**TO DO**
All pictures are to be excluded when the data below is output verbatim.

**SOURCE MATERIAL**

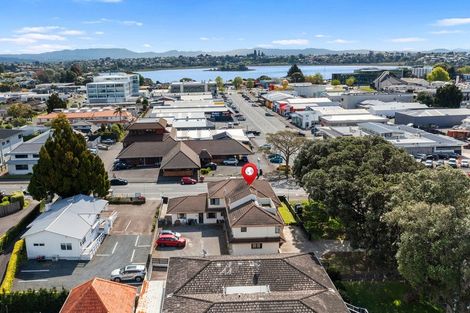 Photo of property in 2/182 Devonport Road, Tauranga, 3110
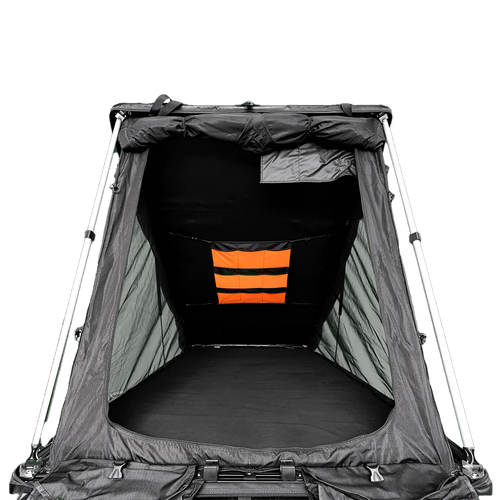 Rückansicht des geöffneten ultraleichten Dachzeltes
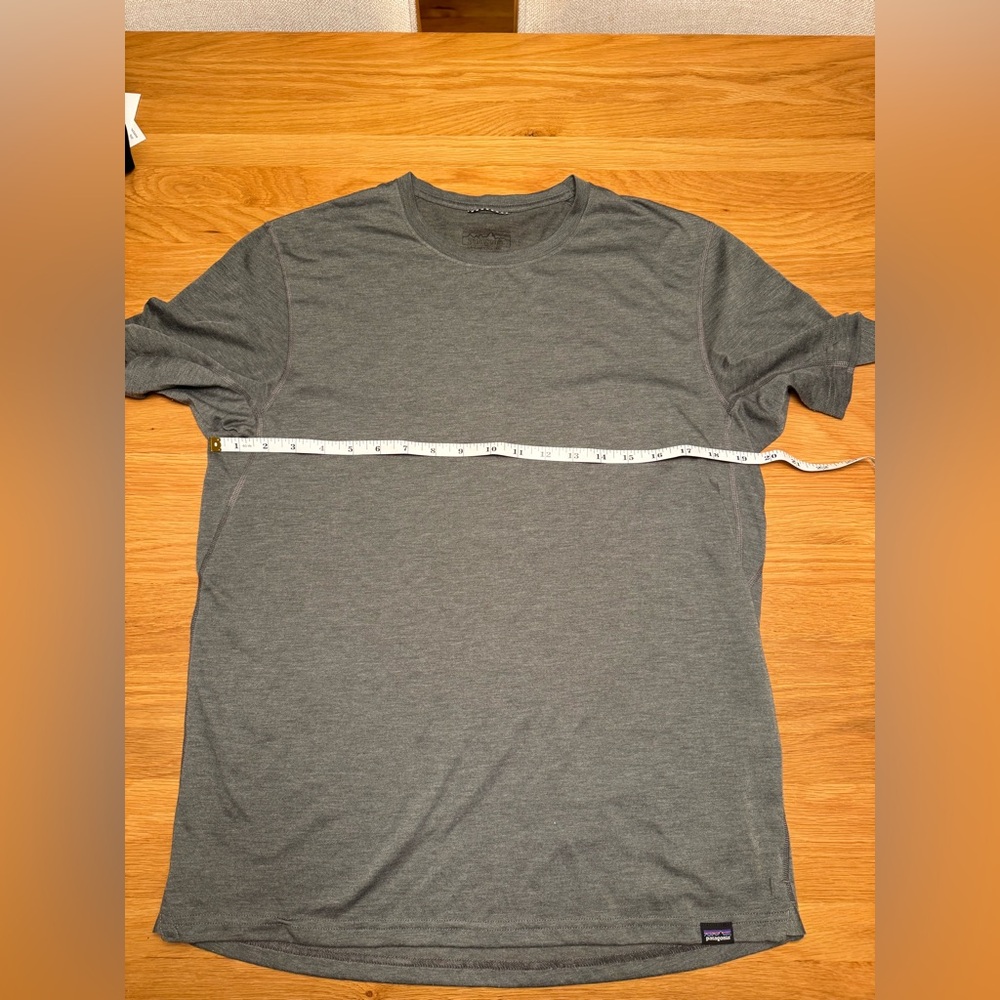 Men’s Patagonia Capilene Cool Trail Shirt Medium Forge Grey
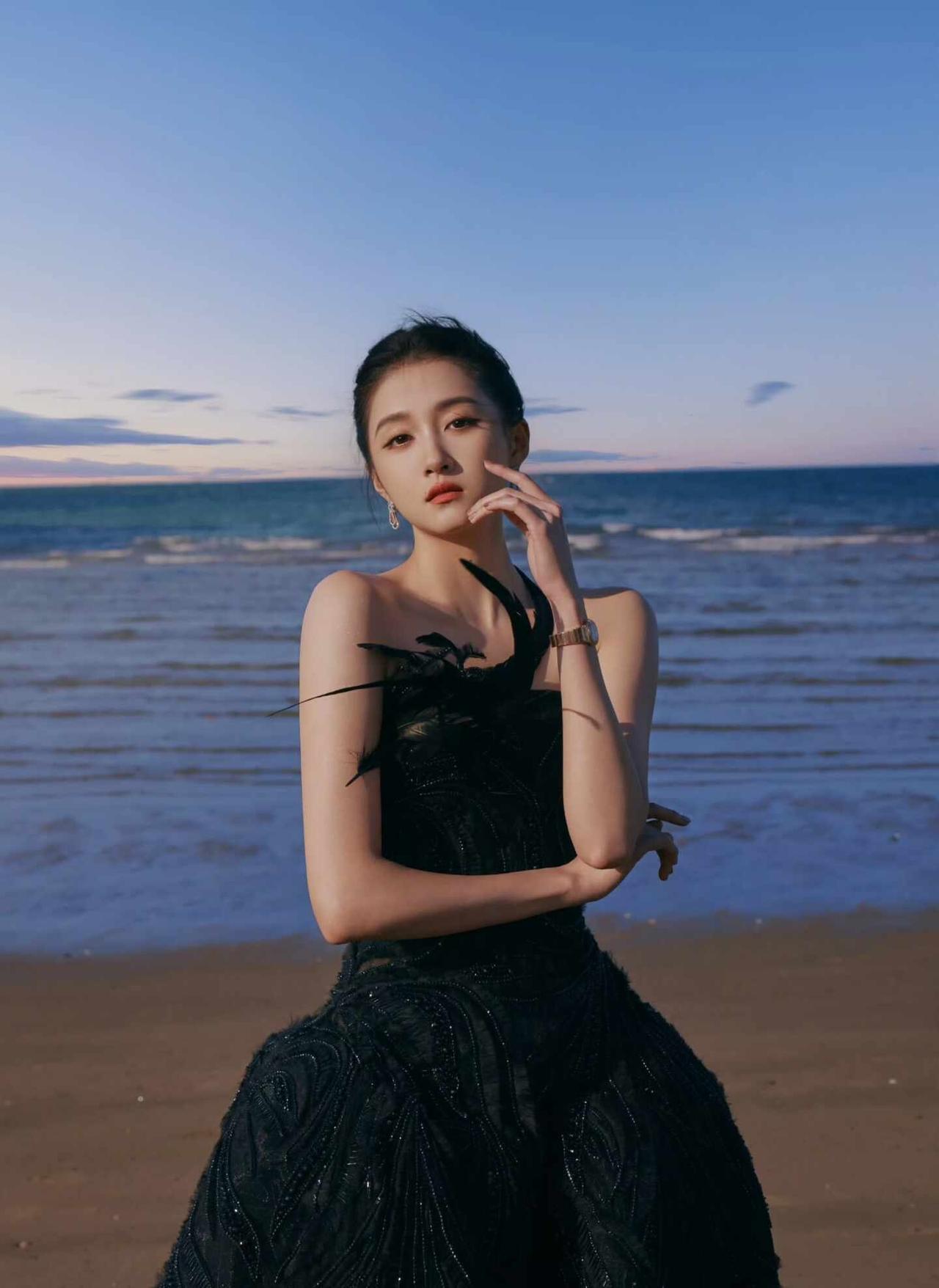 关晓彤飞天奖红毯演绎ES26秋冬高定暗夜繁华女神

**WRITTEN RESPONSE**
 Photo of property in 2/182 Devonport Road, Tauranga, 3110
 Rückansicht des geöffneten ultraleichten Dachzeltes
 Men’s Patagonia Capilene Cool Trail Shirt Medium Forge Grey
 关晓彤飞天奖红毯演绎ES26秋冬高定暗夜繁华女神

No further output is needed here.